In order to limit the detrimental effects of such vibration, especially at blade resonant frequencies which fall within the operating range of the engine, damping schemes are routinely employed which convert the vibratory energy, using the motion associated therewith, into dissipated heat. There exist two basic damping schemes: blade-to-ground damping and blade-to-blade damping. One such blade-to-ground damper apparatus is disclosed in U.S. Pat. No. 5,226,784 entitled "Blade Damper" granted to Mueller et al on Jul. 13, 1993 and assigned to the same assignee as the present invention. According to Mueller et al, a damper of triangular cross section disposed in a chamber in a disk post contacts a radial face of the chamber along one leg and a blade platform along an hypotenuse thereof. Vibratory induced motion of the blade platform produces advantageous slippage at the abutting surfaces.
Blade-to-blade damper apparatus are disclosed in U.S. Pat. No. 5,156,528 entitled "Vibration Damping of Gas Turbine Engine Buckets" granted to Bobo on Oct. 20 1992 and U.S. Pat. No. 5,302,085 entitled "Turbine Blade Damper" granted to Dietz et al on Apr. 12, 1994, both of which are also assigned to the same assignee as the preset invention. While relying on the same friction mechanism for damping as the aforementioned blade-to-ground damper, blade-to-blade dampers are fundamentally different in that these dampers are disposed between portions of adjacent blades, for example, proximate blade platform edges. Depending on the mode and amplitude of vibratory induced motion sought to be attenuated, one damping scheme may be more beneficial than the other.
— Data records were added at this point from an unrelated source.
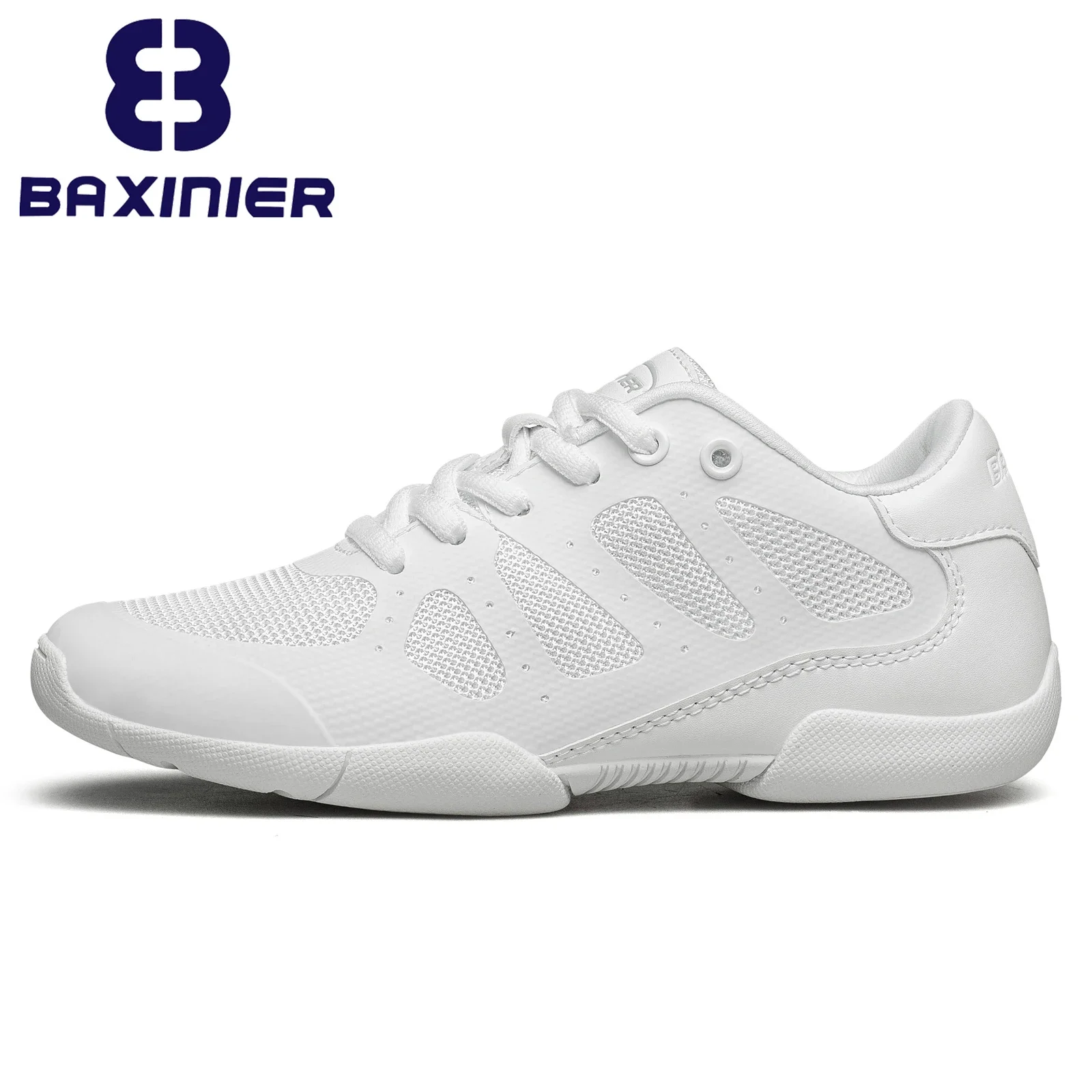 BAXINIER Girls Cheer Shoes White Cheerleading Dance Shoes Kids Athletic Training Tennis Shoes Youth Competition Sneakers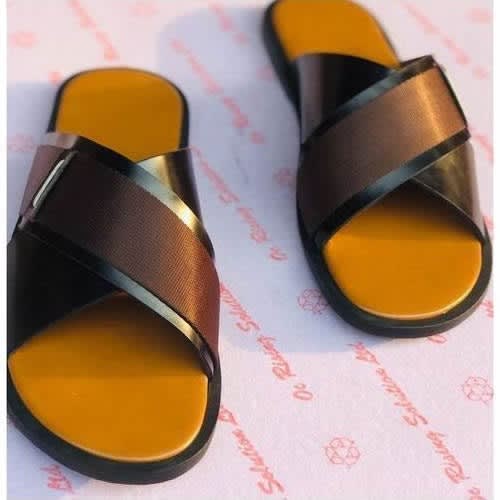 Men's Cross Slippers - Chocolate Brown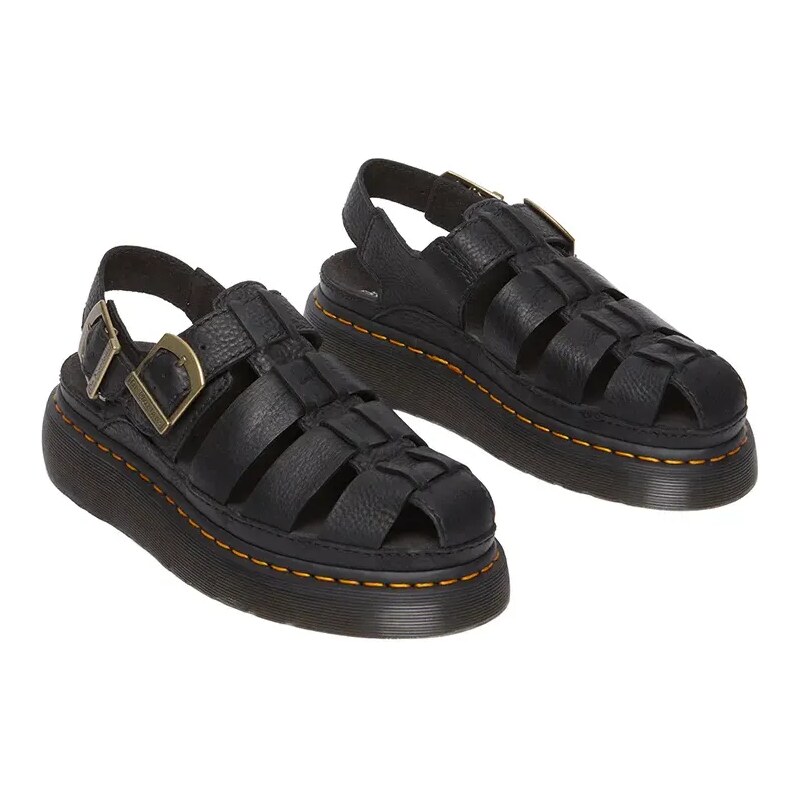 Δερμάτινα σανδάλια Dr. Martens Wrenlie χρώμα: μαύρο, DM31524001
For example, while blade-to-blade dampers are relatively ineffective at damping in-phase motion of adjacent blades, such dampers may be highly effective when blade motion is out of phase, as discussed by Mueller et al.
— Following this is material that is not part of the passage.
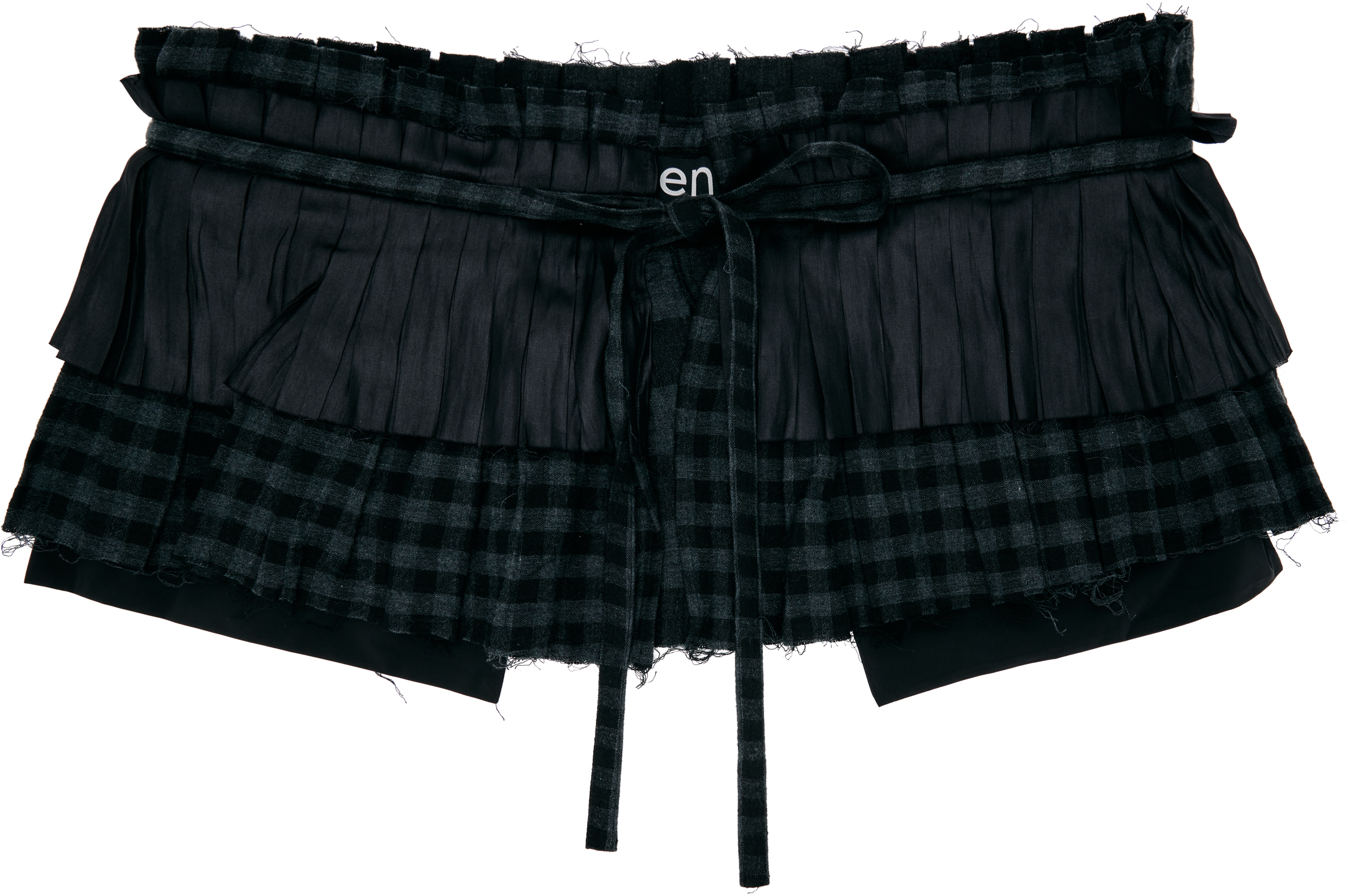 Open Yy Black Pleats Layered Pocket Belt In Blue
Blade-to-blade dampers may also be advantageously employed to seal the gap formed between adjacent platform edges to prevent the migration of hot flowpath gases into the rim region of the disk, especially in a turbine stage. Effective damping and sealing however necessitate a stable damper configuration. The centrifugally loaded damper and mating platform surfaces must cooperate, providing sliding contact therebetween. If the radial damper load is too high or the included angle too acute, the damper may lock to one or both mating platform surfaces. In this case, while acting as an effective seal, the damper provides little or no damping as relative movement is prevented.
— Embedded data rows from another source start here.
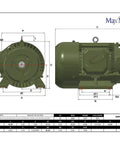 Beefy General Purpose Electric Motor 20HP 1800RPM 575V 3Phase TEFC NEMA 256T Cast Iron Premium For Pumps, Compressors, Conveyors, Fans In Wet Dirty Environments IP55 Class F 1.25 Service Factor dimensional drawing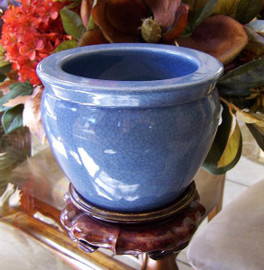 Medium Blue Decorator Crackle - Luxury Hand Painted Chinese Porcelain - 22 Inch Fish Bowl | Fishbowl | Planter | Dining Table Base Style 35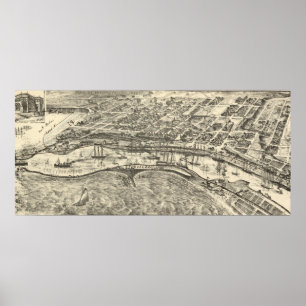 Póster Mapa pictórico vintage de San Pedro (1902)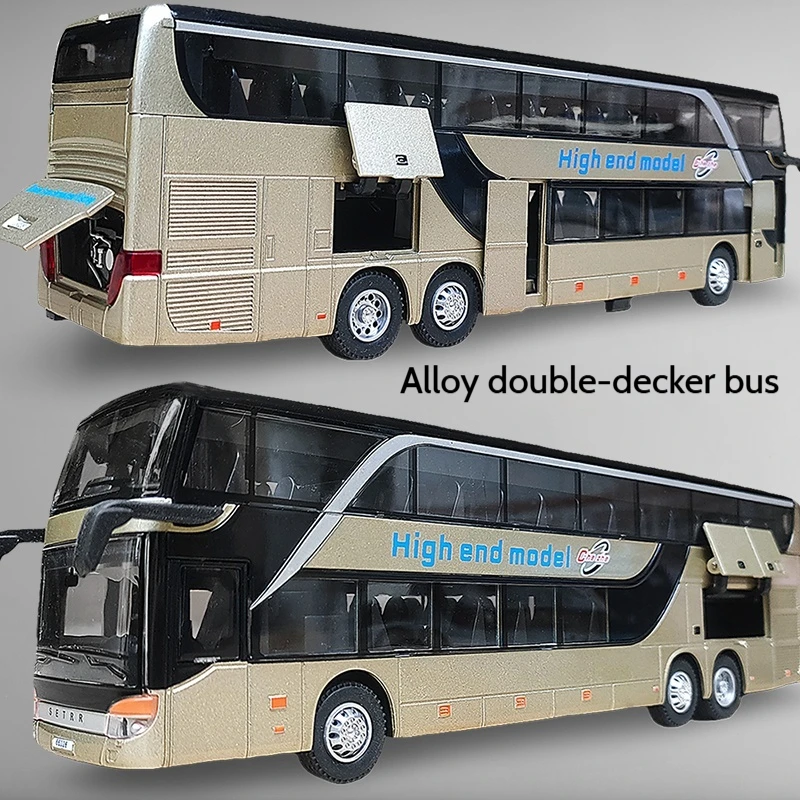 مثيرة للاهتمام 1/30 سبيكة كبيرة ذات طابقين حافلة محاكاة نموذج حافلة رائعة حافلة الديكور جمع هدية عيد ميلاد الصبي #2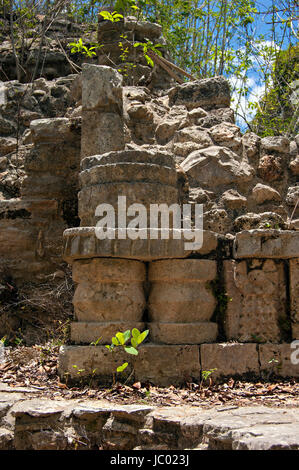 Mayan Ruins, Yaxunah, Yucatan, Mexico Stock Photo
An effective damper apparatus should provide substantially continuous sliding contact between the damper and associated blade structures for all operating conditions and tolerance stacks. Ensuring such a condition has been problematic. Due to the inherent variability associated with both the orientation and movement of abutting surfaces, maintenance of sliding contact between the damper and both blades simultaneously is troublesome. Conventional triangular shaped dampers often exhibit bistable rocking, sustaining planar contact first with one blade platform then the other, depending on the movement of the platforms. Contributing to this instability are a variety of factors such as initial damper orientation and vertex angle, mating platform surface location and orientation as well as component tolerances associated therewith. Damper instability results in both intermittent damping and ineffective sealing.